After the trigger is published, it can be triggered manually by using the Trigger now option. If the start time was set for a value in the past, the pipeline starts immediately.

Monitor pipeline runs

You can monitor trigger runs and their associated pipeline runs on the Monitor tab. Here, you can browse when each pipeline ran and how long it took to run. You can also potentially debug any problems that arose.

Microsoft Fabric

Fabric is an all-in-one analytics solution that sits on top of Microsoft OneLake. With the use of a Fabric lakehouse, you can manage, structure, and analyze data in OneLake in a single location. Any data outside of OneLake, written to Data Lake Storage Gen2, can be connected to OneLake as shortcuts to take advantage of Fabric's suite of tools.

Create shortcuts to metadata tables

Go to the lakehouse created in the prerequisites. In the Explorer view, select the ellipsis menu (...) next to the Tables folder.
Select New shortcut to create a new shortcut to the storage account that contains the DICOM analytics data.
Select Azure Data Lake Storage Gen2 as the source for the shortcut.
Under Connection settings, enter the URL you used in the Linked services section.
Select an existing connection or create a new connection by selecting the Authentication kind you want to use.

Note

There are a few options for authenticating between Data Lake Storage Gen2 and Fabric. You can use an organizational account or a service principal. We don't recommend using account keys or shared access signature tokens.
Select Next.
Enter a Shortcut Name that represents the data created by the Data Factory pipeline. For example, for the instance Delta table, the shortcut name should probably be instance.
Enter the Sub Path that matches the ContainerName parameter from run parameters configuration and the name of the table for the shortcut. For example, use /dicom/instance for the Delta table with the path instance in the dicom container.
Select Create to create the shortcut.
Repeat steps 2 to 9 to add the remaining shortcuts to the other Delta tables in the storage account (for example, series and study).

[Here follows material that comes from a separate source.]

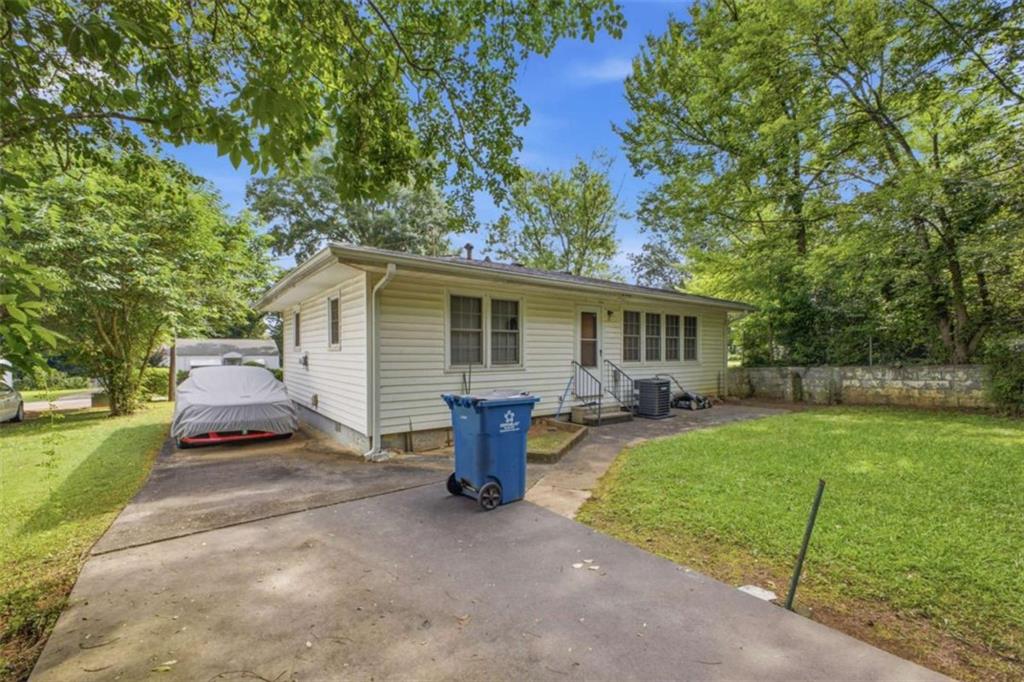 110 Linden Street Property Photo 26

After you create the shortcuts, expand a table to show the names and types of the columns.

Create shortcuts to files

If you're using a DICOM service with Data Lake Storage, you can additionally create a shortcut to the DICOM file data stored in the data lake.

Go to the lakehouse created in the prerequisites. In the Explorer view, select the ellipsis menu (...) next to the Files folder.
Select New shortcut to create a new shortcut to the storage account that contains the DICOM data.
Select Azure Data Lake Storage Gen2 as the source for the shortcut.
Under Connection settings, enter the URL you used in the Linked services section.
Select an existing connection or create a new connection by selecting the Authentication kind you want to use.
Select Next.
Enter a Shortcut Name that describes the DICOM data. For example, contoso-dicom-files.
Enter the Sub Path that matches the name of the storage container and folder used by the DICOM service. For example, if you wanted to link to the root folder the Sub Path would be /dicom/AHDS. Note that the root folder is always AHDS, but you can optionally link to a child folder for a specific workspace or DICOM service instance.
Select Create to create the shortcut.

Run notebooks

After the tables are created in the lakehouse, you can query them from Fabric notebooks. You can create notebooks directly from the lakehouse by selecting Open Notebook from the menu bar.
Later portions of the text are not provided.